Tricia Bacon, assistant professor at the School of Public Affairs at American University, examines how terrorist groups with allies can come back from the dead.
Tricia Bacon, PhD, is an Assistant Professor at American University’s School of Public Affairs. She is the author of Why Terrorist Organizations Form International Alliances to be published with University of Pennsylvania Press in May 2018.
Prior to her employment at American University, Dr. Bacon worked on counterterrorism for over ten years at the Department of State, including in the Bureau of Intelligence and Research, the Bureau of Counterterrorism, and the Bureau of Diplomatic Security. Her work on counterterrorism in the intelligence community received numerous accolades, and she conducted research and analysis on counterterrorism in South Asia, North Africa, East Africa, Europe, and Southeast Asia.
Dr. Bacon is a non-resident fellow with George Washington University’s Program on Extremism. She is also a senior fellow at Fordham University’s Center on National Security. She was previously a Pre-Doctoral Fellow at the Brookings Institution, a Visiting Scholar and Terrorism Research Award recipient at the National Consortium for the Study of Terrorism and Responses to Terrorism (START) at the University of Maryland, and a PRISP Fellow and Presidential Management Fellow at the State Department. She earned her PhD in International Relations at Georgetown University.
Her research focuses on terrorist and insurgent groups’ behavior and decision-making, U.S. counterterrorism policy, and the role of intelligence in national security decision-making. She has published articles on terrorist group alliances, terrorist leadership, terrorist safe havens, and other related topics.

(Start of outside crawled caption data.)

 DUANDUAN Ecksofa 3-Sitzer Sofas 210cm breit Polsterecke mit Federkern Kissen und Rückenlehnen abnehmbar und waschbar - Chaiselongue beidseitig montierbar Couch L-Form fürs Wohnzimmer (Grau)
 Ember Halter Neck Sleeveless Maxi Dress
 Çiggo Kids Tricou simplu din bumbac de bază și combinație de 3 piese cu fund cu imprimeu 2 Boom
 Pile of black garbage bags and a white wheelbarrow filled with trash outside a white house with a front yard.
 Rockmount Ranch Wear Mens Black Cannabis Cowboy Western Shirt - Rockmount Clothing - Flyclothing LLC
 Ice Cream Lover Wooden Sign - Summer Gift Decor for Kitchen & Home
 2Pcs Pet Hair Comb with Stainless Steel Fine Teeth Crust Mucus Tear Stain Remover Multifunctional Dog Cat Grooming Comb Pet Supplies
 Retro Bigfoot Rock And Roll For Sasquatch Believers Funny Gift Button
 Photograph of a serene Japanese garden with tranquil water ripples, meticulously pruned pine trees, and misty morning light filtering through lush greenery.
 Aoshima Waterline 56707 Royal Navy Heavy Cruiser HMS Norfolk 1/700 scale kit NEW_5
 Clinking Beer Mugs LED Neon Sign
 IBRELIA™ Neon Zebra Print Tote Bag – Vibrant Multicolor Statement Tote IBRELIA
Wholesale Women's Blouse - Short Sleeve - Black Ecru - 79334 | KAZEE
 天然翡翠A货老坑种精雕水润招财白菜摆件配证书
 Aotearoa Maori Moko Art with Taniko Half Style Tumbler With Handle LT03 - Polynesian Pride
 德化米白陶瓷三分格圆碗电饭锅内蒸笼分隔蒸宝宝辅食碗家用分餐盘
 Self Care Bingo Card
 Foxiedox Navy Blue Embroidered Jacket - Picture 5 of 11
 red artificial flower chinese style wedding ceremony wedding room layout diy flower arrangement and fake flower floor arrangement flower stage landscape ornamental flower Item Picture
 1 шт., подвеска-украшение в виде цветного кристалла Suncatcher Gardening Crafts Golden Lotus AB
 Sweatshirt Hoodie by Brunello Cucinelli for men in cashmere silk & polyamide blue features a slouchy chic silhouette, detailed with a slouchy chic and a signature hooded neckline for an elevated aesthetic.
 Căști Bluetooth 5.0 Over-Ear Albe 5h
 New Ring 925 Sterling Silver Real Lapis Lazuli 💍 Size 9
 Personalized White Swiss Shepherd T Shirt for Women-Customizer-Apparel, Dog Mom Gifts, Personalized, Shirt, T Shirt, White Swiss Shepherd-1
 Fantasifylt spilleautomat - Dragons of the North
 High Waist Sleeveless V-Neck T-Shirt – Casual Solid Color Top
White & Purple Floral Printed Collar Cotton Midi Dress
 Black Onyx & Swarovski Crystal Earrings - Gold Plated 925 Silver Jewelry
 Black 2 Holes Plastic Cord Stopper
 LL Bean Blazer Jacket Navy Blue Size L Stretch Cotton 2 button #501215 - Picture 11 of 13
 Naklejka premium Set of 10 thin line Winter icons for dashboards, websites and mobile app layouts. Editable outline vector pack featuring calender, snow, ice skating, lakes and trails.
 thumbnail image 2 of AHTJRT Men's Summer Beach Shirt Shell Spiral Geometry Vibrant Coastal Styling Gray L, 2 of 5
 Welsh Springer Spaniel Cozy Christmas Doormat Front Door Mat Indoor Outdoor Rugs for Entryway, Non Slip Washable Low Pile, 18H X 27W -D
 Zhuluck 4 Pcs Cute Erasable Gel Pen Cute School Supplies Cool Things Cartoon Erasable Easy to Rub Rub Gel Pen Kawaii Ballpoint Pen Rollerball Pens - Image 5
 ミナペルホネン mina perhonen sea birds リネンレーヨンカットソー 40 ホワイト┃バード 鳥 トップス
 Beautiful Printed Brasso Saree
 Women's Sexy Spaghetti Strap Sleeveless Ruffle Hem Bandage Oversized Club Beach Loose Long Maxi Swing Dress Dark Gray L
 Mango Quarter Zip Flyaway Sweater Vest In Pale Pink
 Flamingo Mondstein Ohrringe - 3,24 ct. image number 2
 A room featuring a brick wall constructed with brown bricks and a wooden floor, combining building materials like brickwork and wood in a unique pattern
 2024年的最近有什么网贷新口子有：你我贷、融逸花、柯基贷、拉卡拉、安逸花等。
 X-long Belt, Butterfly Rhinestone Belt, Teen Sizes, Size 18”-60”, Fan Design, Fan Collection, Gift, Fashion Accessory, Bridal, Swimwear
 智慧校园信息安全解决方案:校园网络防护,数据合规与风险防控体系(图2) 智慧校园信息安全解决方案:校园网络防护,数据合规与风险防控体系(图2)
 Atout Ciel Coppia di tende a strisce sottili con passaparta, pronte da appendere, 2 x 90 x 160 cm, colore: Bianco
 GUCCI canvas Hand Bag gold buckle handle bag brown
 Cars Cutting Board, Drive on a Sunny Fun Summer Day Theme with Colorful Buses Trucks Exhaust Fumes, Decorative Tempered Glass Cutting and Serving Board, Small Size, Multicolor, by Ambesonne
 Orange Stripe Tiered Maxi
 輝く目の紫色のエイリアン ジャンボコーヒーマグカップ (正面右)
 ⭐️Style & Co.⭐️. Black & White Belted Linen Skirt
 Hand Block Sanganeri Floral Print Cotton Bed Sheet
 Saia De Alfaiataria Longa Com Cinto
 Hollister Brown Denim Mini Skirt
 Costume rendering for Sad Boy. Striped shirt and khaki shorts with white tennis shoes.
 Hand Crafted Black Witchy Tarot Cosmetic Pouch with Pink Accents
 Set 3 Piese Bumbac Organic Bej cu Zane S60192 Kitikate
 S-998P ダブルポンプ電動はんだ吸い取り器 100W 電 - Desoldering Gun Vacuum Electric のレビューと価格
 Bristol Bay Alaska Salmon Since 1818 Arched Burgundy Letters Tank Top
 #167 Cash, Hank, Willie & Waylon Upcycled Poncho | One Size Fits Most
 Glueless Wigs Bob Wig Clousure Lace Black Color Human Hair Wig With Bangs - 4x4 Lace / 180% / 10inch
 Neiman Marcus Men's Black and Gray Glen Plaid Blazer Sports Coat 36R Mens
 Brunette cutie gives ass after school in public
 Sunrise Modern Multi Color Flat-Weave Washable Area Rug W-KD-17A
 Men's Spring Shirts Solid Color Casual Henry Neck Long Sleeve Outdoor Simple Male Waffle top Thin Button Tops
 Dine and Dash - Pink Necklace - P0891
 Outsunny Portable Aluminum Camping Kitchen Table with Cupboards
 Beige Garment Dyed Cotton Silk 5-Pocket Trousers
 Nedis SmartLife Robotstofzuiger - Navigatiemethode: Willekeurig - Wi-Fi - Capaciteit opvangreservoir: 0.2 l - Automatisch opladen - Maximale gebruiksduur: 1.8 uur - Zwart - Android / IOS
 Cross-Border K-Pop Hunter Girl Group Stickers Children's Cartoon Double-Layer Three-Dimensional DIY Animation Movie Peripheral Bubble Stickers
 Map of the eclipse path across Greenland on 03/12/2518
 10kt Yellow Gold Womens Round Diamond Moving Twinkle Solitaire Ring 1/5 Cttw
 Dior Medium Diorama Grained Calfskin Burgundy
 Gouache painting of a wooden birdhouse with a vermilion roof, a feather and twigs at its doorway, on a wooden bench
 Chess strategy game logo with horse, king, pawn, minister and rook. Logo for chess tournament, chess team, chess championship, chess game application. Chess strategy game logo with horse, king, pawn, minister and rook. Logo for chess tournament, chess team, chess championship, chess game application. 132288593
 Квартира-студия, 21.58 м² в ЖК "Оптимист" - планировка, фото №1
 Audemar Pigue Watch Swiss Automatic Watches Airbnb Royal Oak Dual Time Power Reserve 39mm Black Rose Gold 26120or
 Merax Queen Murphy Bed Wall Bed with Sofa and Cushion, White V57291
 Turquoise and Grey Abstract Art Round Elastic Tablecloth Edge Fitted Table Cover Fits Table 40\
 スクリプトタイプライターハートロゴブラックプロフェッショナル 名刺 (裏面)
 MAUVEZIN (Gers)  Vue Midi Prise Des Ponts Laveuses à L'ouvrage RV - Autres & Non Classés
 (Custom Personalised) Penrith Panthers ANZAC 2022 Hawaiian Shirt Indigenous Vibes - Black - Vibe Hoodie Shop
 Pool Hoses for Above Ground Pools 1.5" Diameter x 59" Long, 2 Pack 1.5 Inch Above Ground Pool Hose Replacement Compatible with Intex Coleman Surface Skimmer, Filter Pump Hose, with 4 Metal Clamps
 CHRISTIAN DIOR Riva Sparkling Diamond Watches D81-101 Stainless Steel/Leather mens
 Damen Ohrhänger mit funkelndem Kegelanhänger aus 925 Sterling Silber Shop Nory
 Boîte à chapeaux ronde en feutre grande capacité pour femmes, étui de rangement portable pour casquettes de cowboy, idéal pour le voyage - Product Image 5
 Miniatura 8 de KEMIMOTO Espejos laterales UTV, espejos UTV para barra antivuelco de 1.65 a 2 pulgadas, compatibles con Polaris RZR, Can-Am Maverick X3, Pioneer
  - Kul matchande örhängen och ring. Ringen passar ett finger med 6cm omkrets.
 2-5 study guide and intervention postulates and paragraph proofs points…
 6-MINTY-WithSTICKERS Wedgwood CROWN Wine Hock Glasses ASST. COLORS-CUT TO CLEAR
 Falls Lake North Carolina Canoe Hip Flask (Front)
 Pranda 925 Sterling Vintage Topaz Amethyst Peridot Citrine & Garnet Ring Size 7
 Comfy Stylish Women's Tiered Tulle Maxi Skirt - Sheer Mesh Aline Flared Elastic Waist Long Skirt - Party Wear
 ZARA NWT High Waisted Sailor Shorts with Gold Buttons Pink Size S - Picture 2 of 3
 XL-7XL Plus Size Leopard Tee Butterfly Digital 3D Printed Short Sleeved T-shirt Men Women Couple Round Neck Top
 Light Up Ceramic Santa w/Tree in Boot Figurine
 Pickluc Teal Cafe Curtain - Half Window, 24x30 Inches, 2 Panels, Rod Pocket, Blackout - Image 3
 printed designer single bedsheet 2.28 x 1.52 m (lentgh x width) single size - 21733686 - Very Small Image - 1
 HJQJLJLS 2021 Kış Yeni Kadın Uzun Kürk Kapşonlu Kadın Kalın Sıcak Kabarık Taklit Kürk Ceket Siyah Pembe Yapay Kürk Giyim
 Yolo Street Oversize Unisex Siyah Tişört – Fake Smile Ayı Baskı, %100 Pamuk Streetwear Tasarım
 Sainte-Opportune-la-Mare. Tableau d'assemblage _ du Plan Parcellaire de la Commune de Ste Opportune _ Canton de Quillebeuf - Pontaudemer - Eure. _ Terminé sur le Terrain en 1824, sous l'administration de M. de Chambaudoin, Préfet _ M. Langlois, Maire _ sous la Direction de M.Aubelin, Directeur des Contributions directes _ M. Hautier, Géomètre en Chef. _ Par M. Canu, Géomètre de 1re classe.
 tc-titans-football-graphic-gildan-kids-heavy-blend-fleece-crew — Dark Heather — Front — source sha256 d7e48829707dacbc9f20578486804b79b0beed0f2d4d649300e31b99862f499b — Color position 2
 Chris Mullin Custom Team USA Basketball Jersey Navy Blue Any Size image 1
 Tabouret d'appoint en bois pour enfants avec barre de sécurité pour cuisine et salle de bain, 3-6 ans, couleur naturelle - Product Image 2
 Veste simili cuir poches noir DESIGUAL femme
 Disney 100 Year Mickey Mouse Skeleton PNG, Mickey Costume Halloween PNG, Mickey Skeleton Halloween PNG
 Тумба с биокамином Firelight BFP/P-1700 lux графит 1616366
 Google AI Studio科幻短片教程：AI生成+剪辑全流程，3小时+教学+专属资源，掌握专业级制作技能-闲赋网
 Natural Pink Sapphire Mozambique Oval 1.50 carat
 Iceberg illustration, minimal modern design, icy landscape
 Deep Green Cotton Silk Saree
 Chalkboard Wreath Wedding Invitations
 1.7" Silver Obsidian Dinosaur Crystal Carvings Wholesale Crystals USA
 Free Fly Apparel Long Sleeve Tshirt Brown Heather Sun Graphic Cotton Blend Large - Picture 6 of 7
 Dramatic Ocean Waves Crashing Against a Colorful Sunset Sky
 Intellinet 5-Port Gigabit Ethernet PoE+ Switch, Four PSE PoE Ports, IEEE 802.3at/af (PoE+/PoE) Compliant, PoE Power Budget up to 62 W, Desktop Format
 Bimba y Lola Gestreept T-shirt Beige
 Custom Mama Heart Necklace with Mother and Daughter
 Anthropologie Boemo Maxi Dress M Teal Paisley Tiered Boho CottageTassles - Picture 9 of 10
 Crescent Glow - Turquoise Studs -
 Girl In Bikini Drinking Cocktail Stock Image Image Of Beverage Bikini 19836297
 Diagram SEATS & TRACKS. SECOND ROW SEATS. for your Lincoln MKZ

Allies of the Islamic State
The Islamic State’s territorial losses in Syria and Iraq led to declarations by analysts and policymakers alike that the group has been “militarily defeated.” However, the Islamic State is well positioned to survive these setbacks for one major reason: it has allies. Terrorist groups with allies enjoy numerous advantages. They conduct attacks that result in more deaths and are more apt to seek weapons of mass destruction. They survive longer. And, importantly in the case of the Islamic State, they are more capable of recovering from losses.
In my research I examine the causes of these dangerous relationships. While terrorist groups usually benefit from alliances, they form alliances because of deficiencies which they can attempt to address on their own or they can seek a partner to help them. If they choose to find an ally to assist, they look for a partner that can address their weaknesses and that shares their ideology.
At the Islamic State’s peak, it offered allies substantial resources as well as the reputational benefits that came with adopting its name. A number of its allies were previously unknown entities seeking greater prestige in jihadist circles or once-powerful groups struggling to attract new members. For its part, the Islamic State’s claim of leadership of the jihadist movement relied on declarations of loyalty that came through alliances with other groups.
Now that the the Islamic State is weakened, its allies are returning the favor. They allow the Islamic State continue to project threat and viability in places ranging from Southeast Asia to the Middle East to West Africa. Its alliances make genuinely defeating the group a much more difficult task and increase the likelihood that the Islamic State will re-emerge once again.